It says quite a lot about the quality of the game that A Link to the Past’s contributions to The Legend of Zelda franchise are still, more or less, relevant to this day. While both A Link Between Worlds and Breath of the Wild took steps in pushing the series forward, denying A Link to the Past’s influence on the games that came before would be foolish. This was the entry that gave dungeons proper puzzles, started (but not yet solidified) the trend of dungeon items being used against bosses, and established the “Zelda Formula,” a structure which saw the majority of games being split into two key sections. Along with the many gameplay additions, A Link to the Past brought with it a more focused narrative that worked to expand the lore and mythology of the series.

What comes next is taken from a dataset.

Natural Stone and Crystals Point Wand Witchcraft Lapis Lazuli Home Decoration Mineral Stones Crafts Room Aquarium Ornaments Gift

While both The Legend of Zelda and The Adventure of Link had a clear mythological identity, the first two installments’ faith felt more analogous to Christianity than the wholly unique religion found in the rest of the franchise. The Triforce clearly always played a divine role in the series, in both it how it was utilized in the first two games along with its appearance, but it wouldn’t be until A Link to the Past where the Triforce would be fully fleshed out into more than just a godly symbol. A Link to the Past establishes the Triforce as a tangible object rooted in divinity, coveted by all. It’s through the Triforce’s expanded role that the series gains adequate context for the conflict between Link and Ganon while also making A Link to the Past feel classically epic in nature.

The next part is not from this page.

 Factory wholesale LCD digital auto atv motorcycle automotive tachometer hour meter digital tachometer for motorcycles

More than anything, it’s A Link to the Past’s narrative structure which allows the game to properly establish a more focused mythos for the franchise. While Link is already on his adventure by the time players take control of him in The Legend of Zelda and The Adventure of Link, A Link to the Past opens with a literal call to adventure, the first step in the Hero’s Journey. In the middle of the night, through telepathy, Princess Zelda calls for Link to come rescue her in Hyrule Castle’s dungeon. Upon being told by their uncle to stay inside, the player is then given control of Link and tasked with disobeying his mentor figure to rescue Zelda. Through spiritual aid, Zelda leads the player to the castle’s secret entrance where Link meets his now dying uncle who bestows upon him his sword.

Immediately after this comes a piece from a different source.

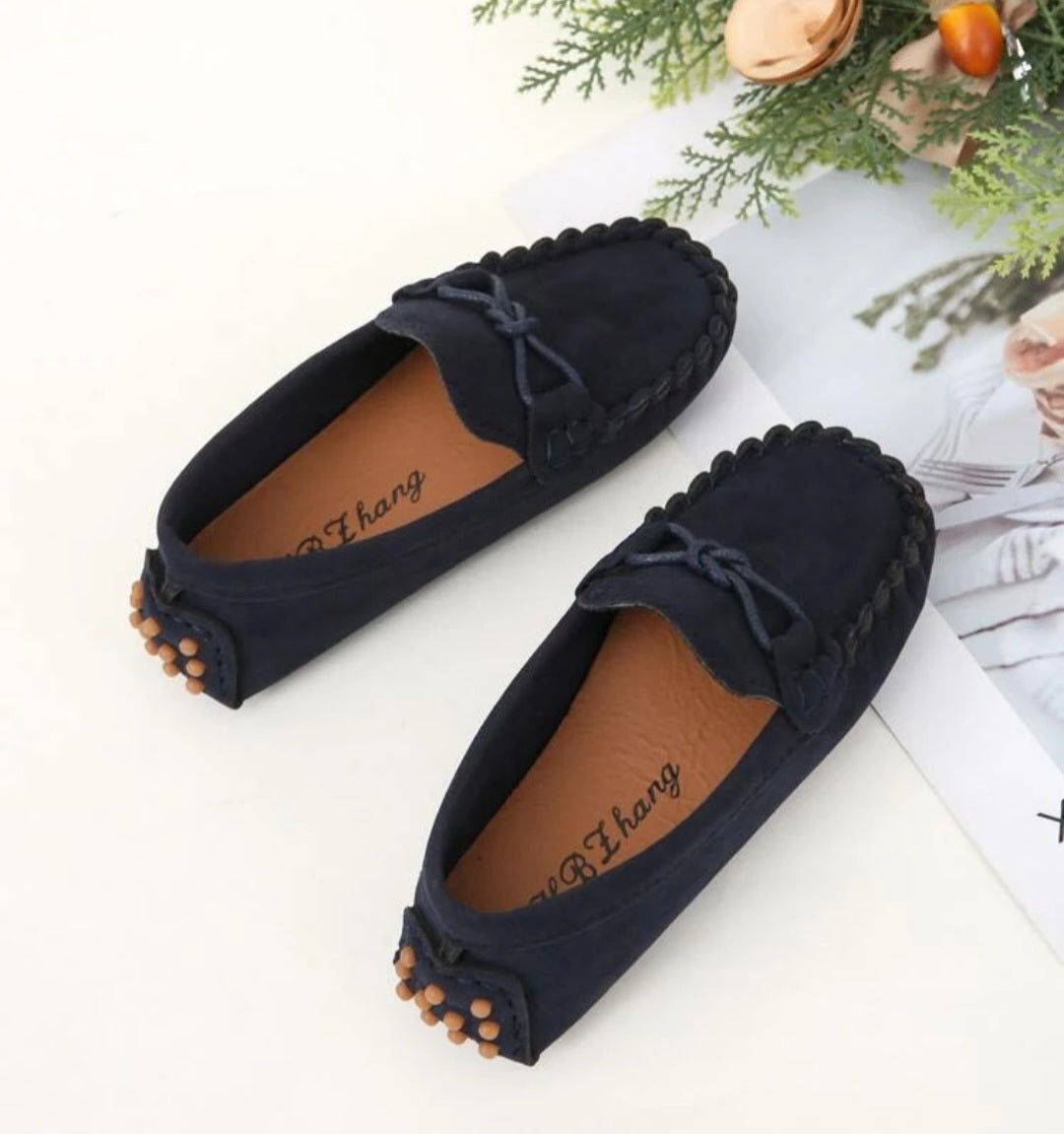 Navy Loafer Measurements outside sole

Although Link’s Uncle is really no more than just a means of giving Link a sword as far as the gameplay is concerned, that doesn’t mean his minimal role isn’t impactful or devoid of thematic relevance. While there’s no emotional attachment in his death for the player, the act of passing his sword onto Link is quite ceremonial given the context. Despite not being in any true danger, Link proves himself by avoiding the guards, braving the storm, and finding a hidden passageway into the castle. The entire opening works in service of Link “earning” his sword. In The Legend of Zelda, he’s simply given it inside a cave while he begins with it in The Adventure of Link. A Link to the Past uses its introduction to establish a scenario where Link proves his worth and takes up his Uncle’s sword as his last will and testament.
From there, Link rescues Princess Zelda, escorts her out of the castle, and leads her to a Sanctuary where she takes refuge for the game’s first act. Now having rescued the Princess and inherited his uncle’s blade, Link is properly set out on his adventure to retrieve the three Pendants of Virtue so that he can wield the Master Sword and defeat Agahnim. It’s in leaving the Sanctuary to go about their quest that the player crosses the first threshold in the Hero’s Journey, properly beginning their adventure.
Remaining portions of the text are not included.